Asked if the matchboxes, also bearing the party's Moscow address and telephone number, would boost the politician's chances in the election, the spokesman insisted that was not the idea. "I think it will help [the match factory] sell matches."

Never mind that matches are still so rare in Russia they wouldsell like hotcakes even with a picture of a less popular figure like Vladimir Ilyich Lenin, Josef Stalin or Mikhail Gorbachev.

And never mind that spokesmen at two other large central Russian match factories said party representatives came to them with an offer they could, and did, refuse.

"Yes, it's true. There are people who don't believe Mr. Zhirinovsky will be president," the politician's spokesman said. "But [he] will become president, and then they will atone."

If each product endorsement were worth a vote, current President Boris Yeltsin would hand over the Kremlin keys to Mr. Zhirinovsky next year because matches are not the only items on the market carrying the ultranationalist's name.

Mr. Zhirinovsky introduced his self-named vodka at his birthday bash last year, and a south Russian brewery began churning out Zhirinovsky brand beer this month in bottles bearing the lawmaker's image.

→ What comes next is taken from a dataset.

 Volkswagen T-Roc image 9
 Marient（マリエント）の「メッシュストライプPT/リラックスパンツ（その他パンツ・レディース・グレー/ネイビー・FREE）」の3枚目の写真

Another spokesman for Mr. Zhirinovsky said the legislator signed a contract with a factory in Armenia that will add the special statement "Zhirinovsky loves this cognac" to one of its labels.

But Mr. Zhirinovsky's image is not limited to adult products like liquor and smoking accessories. He is also attaching his face and fame to pens and notepads. If the presidential hopeful who advocates bringing Alaska back under Russian control wins, students could use them to write reports on his books, like his treatise on international relations due this spring from Moscow publisher Molodaya Gvardiya. Its title: "I Spit on the West."